▸ **Dataset entries**:
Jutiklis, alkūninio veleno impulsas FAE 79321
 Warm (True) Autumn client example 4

* * *

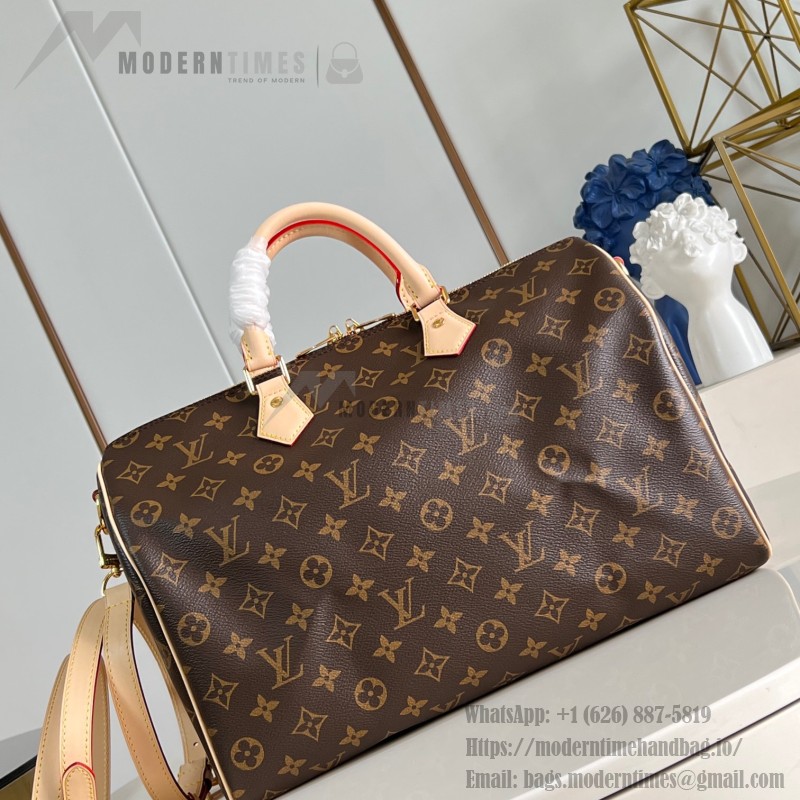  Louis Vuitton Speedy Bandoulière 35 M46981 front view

--

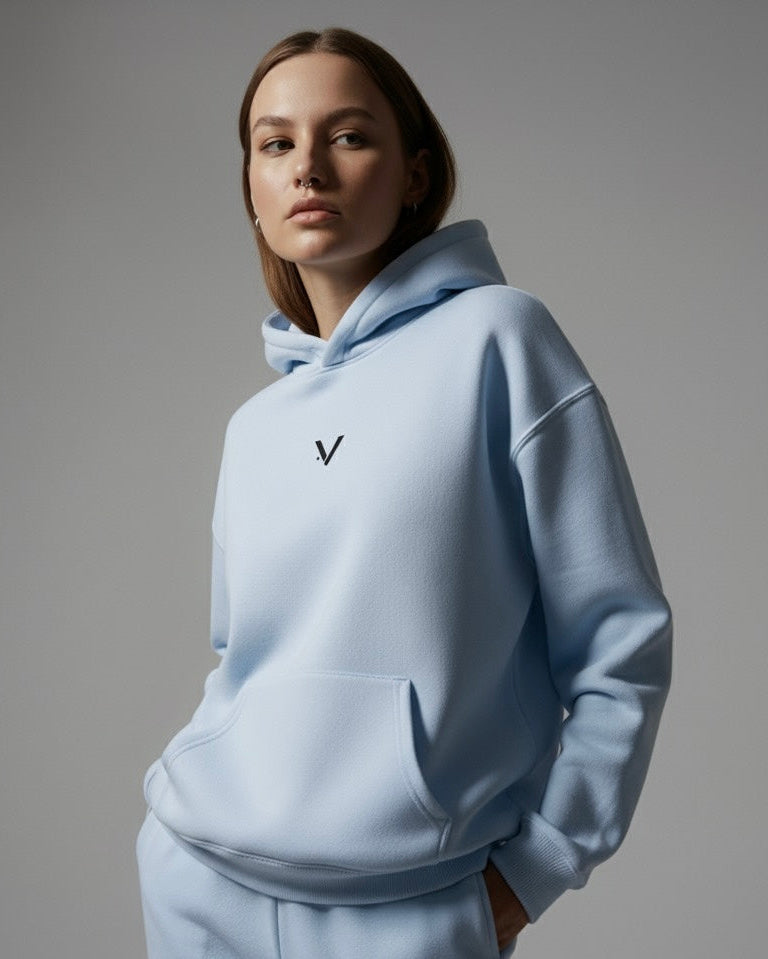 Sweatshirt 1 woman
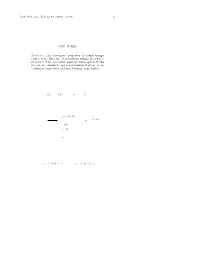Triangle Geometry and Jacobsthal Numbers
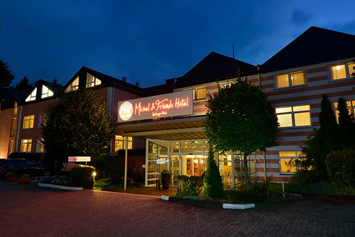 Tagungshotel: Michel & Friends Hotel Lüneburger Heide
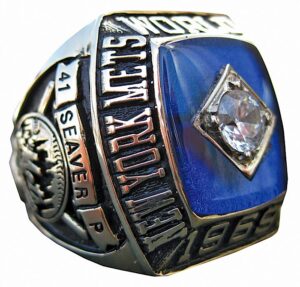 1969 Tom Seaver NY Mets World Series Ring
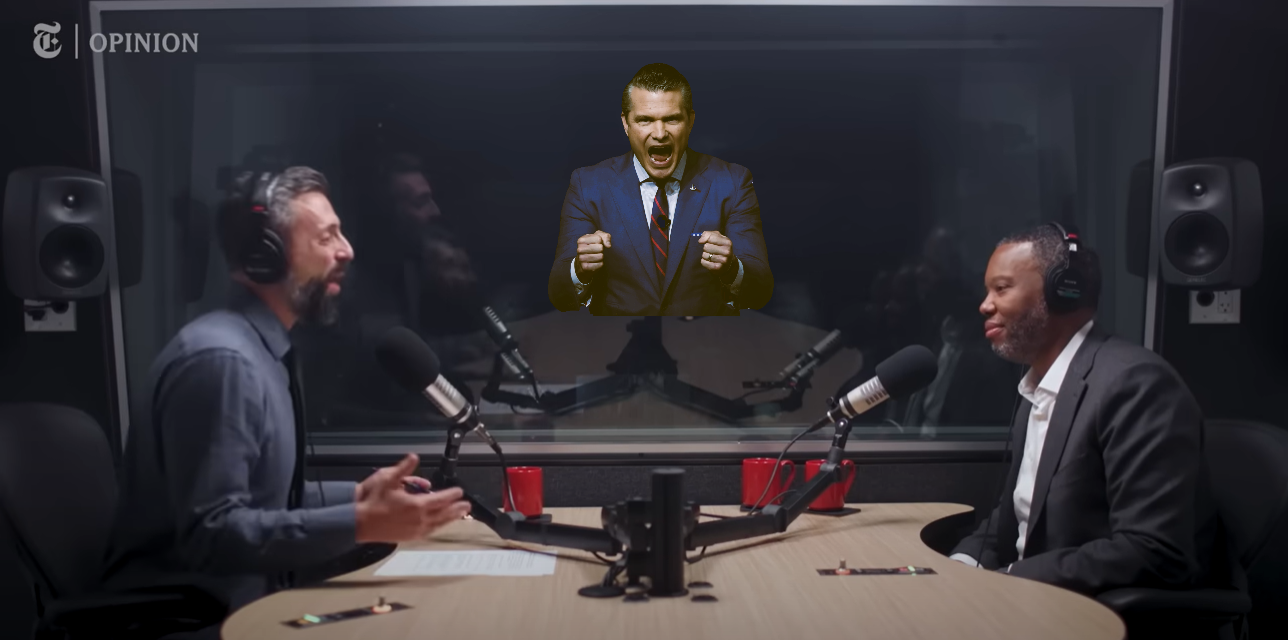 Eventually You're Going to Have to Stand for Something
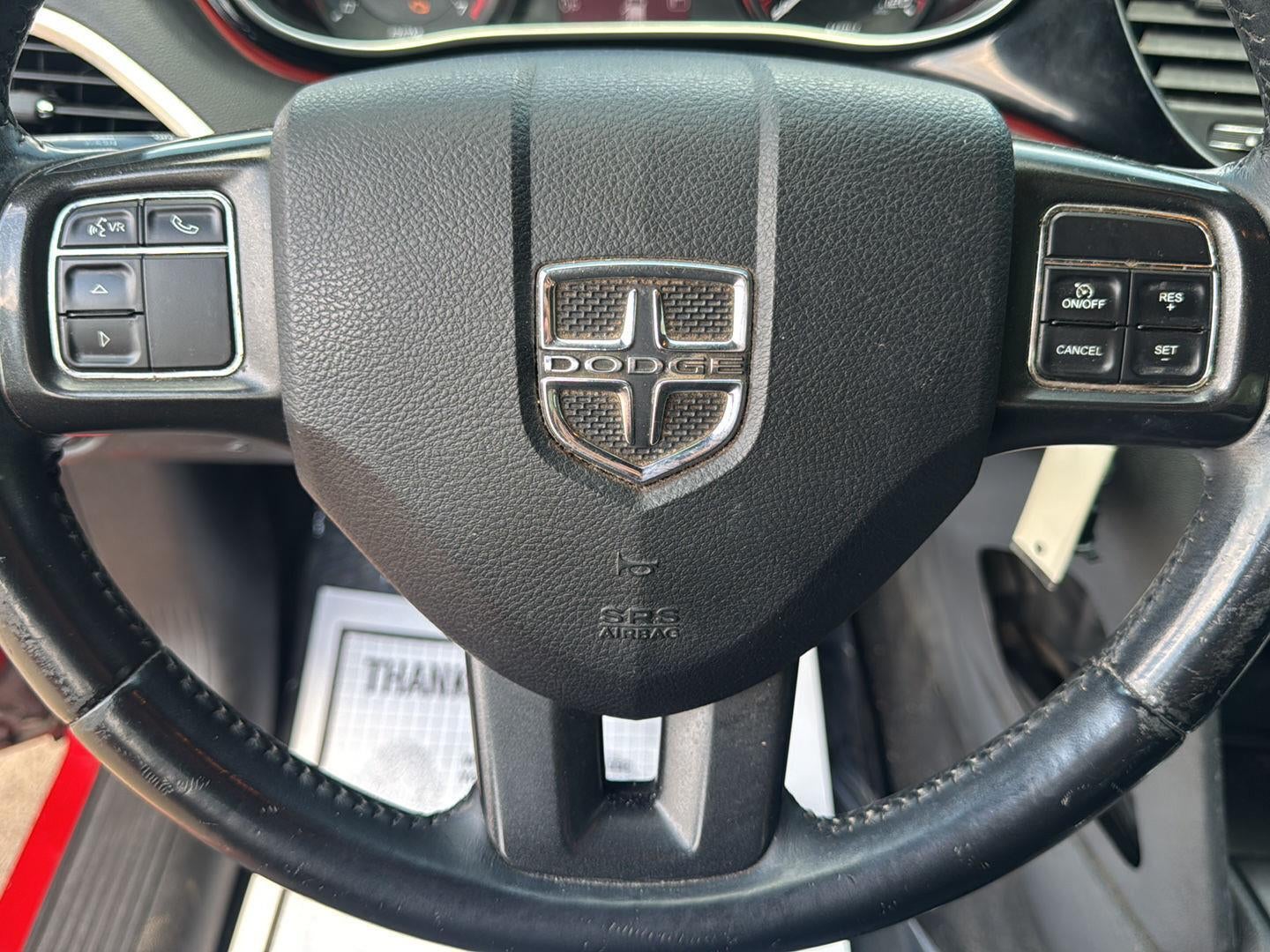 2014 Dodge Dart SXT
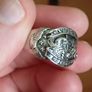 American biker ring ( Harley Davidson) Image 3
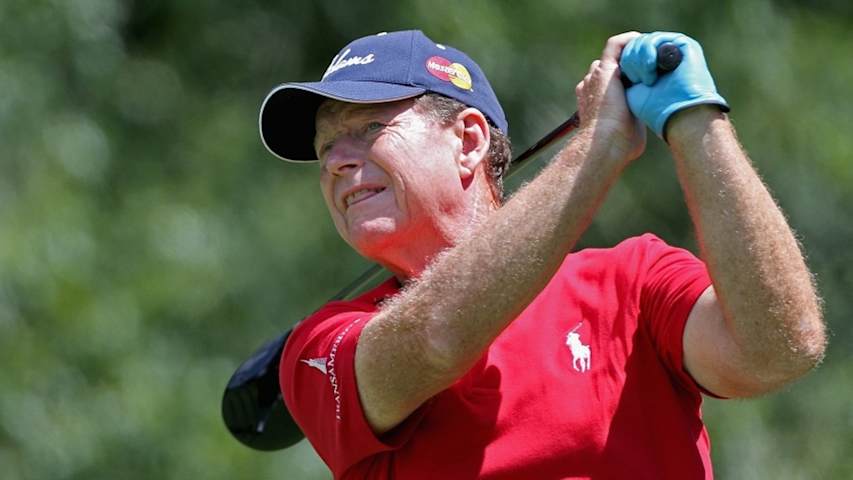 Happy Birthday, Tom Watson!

▸ **Brief**: Copy needed, without pictures: the lines of the listing above from the line containing "Sweatshirt 1 woman" up to and including the line containing "Happy Birthday, Tom Watson!", set down exactly.

▸ **The answer**:
 Sweatshirt 1 woman
Triangle Geometry and Jacobsthal Numbers
 Tagungshotel: Michel & Friends Hotel Lüneburger Heide
 1969 Tom Seaver NY Mets World Series Ring
 Eventually You're Going to Have to Stand for Something
 2014 Dodge Dart SXT
 American biker ring ( Harley Davidson) Image 3
 Happy Birthday, Tom Watson!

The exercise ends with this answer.